The Hickok Academy offers a fairly typical selection of courses. For the beginner, there are classes in the firing of various categories of firearms: pistols, rifles, semi-automatic weapons, and nearly any other weapon the student can afford. There is even a course in the use of the Gatling gun, although Tombstone stresses, “There’s no real way to start shooting quickly with that, and it’s hard to carry in a holster.”
Those already familiar with their firearm are then trained in all the aspects of face-to-face shootouts. This of course centers on the prime concern, which is shooting before, and more accurately than, one’s opponent.
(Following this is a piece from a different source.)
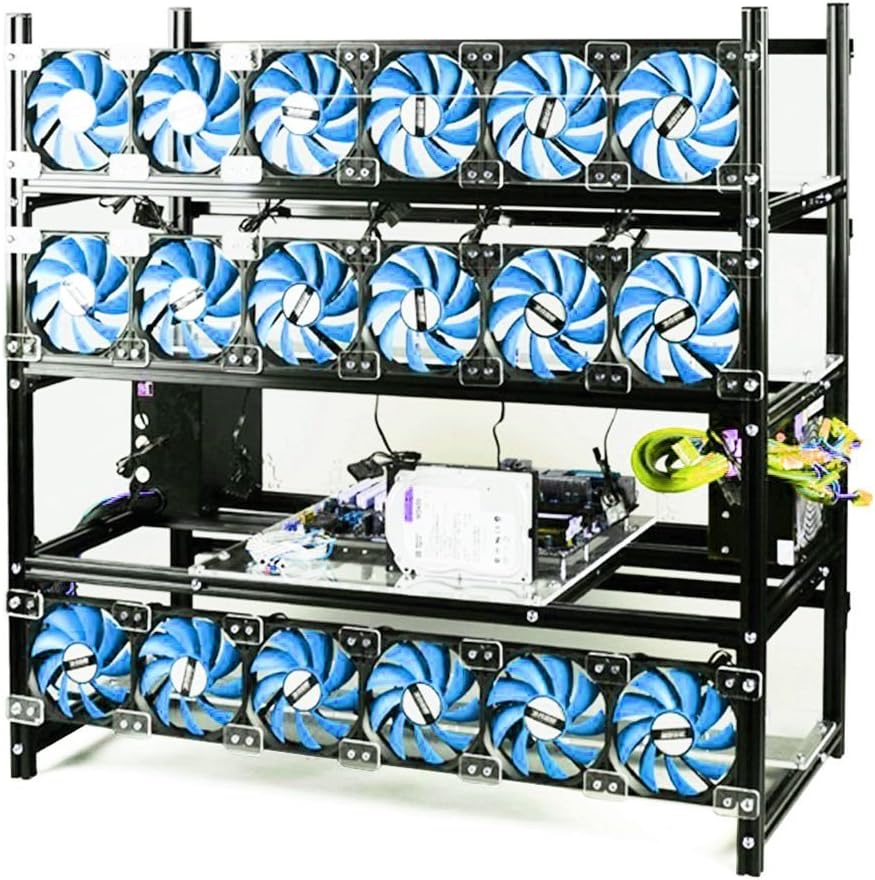 Open Air Mining Rig Stackable Frame 19 GPU Case With 18 Fans For ETH Z Cash (Black, Blue LED Fans)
But is also covers the finer points, including legal considerations. “It’s important before you open fire,” Tombstone explains, “to be reasonably confident that the other guy really intends to do you harm. That doesn’t mean you have to let him have the first shot, but it does mean he has to be threatening.” For this aspect, the Hickok course includes modules on “how to recognize a threatening look” and “how to recognize a threatening appearance.” “Getting these right,” Tombstone continues, “is really crucial, because it means you don’t have to wait until you see the enemy’s weapon, which might be concealed.”
Legal analysts consulted by Rooters say that Tombstone is right regarding the centrality of threat and recognizing it early. This was illustrated by the trial judge in Rottenhorse’s trial, Justice Shredder, who ruled that the people shot by the defendant could not be referred to as “victims” but could be called “looters,” “dangerous enemies,” “threatening nasties,” or, more simply, “the dead.”
Beyond the purely economic boom he and businesses like his are enjoying, Tombstone argues that the new industry will have a beneficial effect on American culture more generally: “We’re going back to our roots in the Old West: shooting anyone who seems dangerous. Or rude. Whatever.”